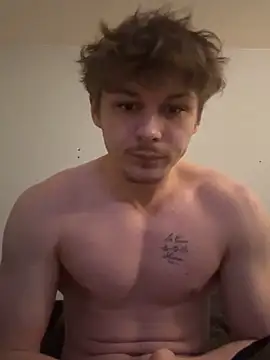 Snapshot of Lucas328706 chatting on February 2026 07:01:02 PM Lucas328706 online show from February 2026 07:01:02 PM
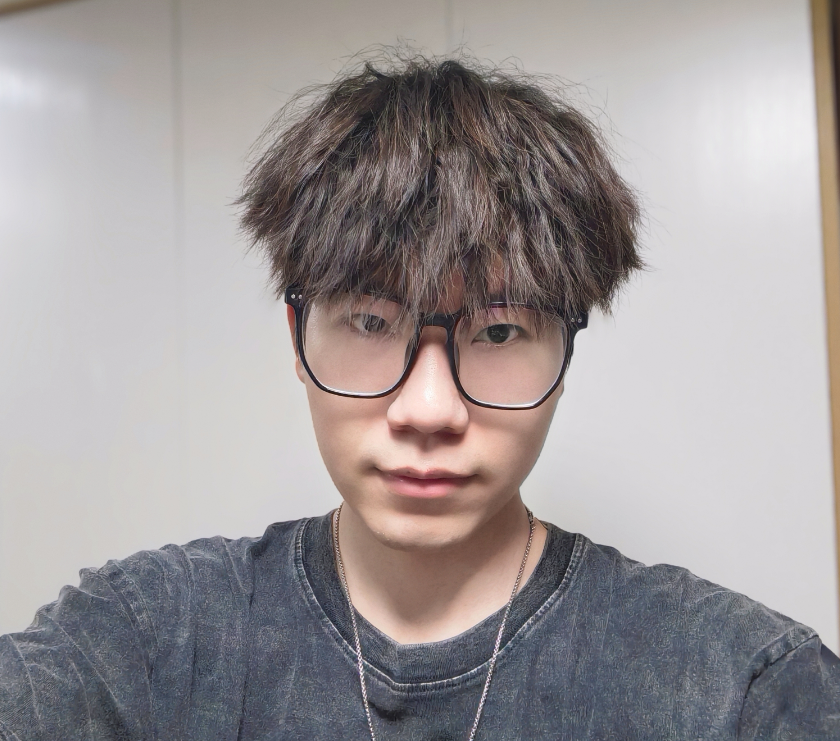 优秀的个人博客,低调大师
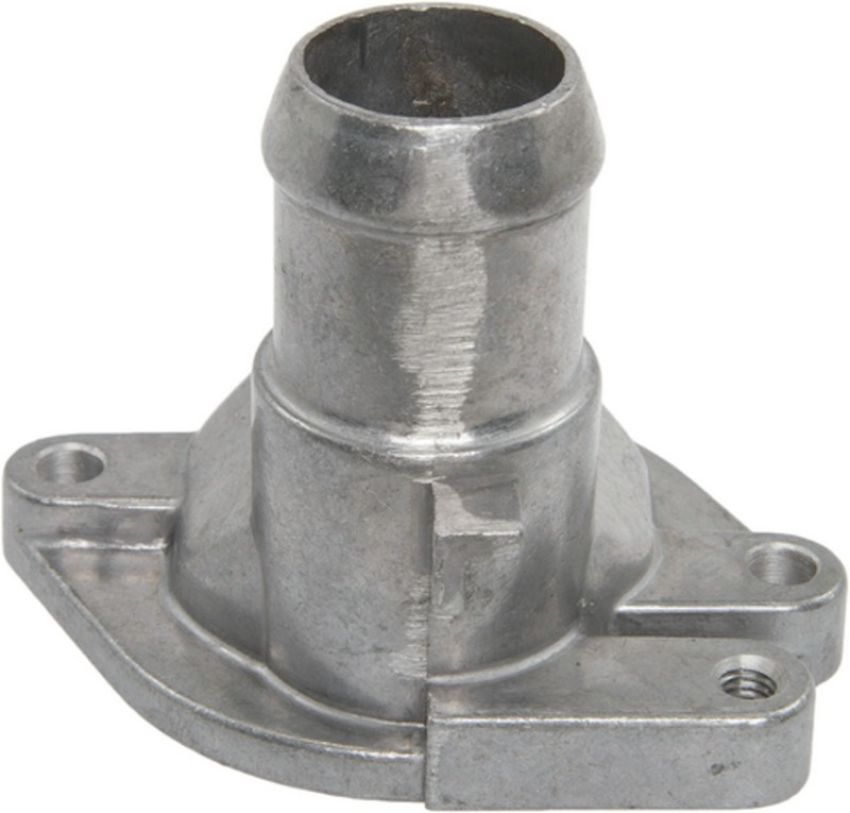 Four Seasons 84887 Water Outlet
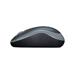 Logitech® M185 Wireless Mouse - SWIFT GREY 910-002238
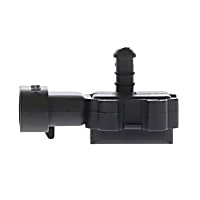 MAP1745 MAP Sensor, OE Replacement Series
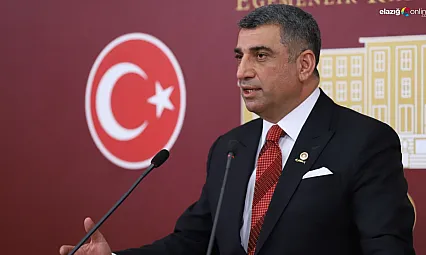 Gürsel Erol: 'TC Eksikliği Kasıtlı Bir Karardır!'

### TRY IT
Would you output the listing above verbatim, without its pictures?

### SOLVED EXERCISE
 Snapshot of Lucas328706 chatting on February 2026 07:01:02 PM Lucas328706 online show from February 2026 07:01:02 PM
 优秀的个人博客,低调大师
 Four Seasons 84887 Water Outlet
 Logitech® M185 Wireless Mouse - SWIFT GREY 910-002238
 MAP1745 MAP Sensor, OE Replacement Series
 Gürsel Erol: 'TC Eksikliği Kasıtlı Bir Karardır!'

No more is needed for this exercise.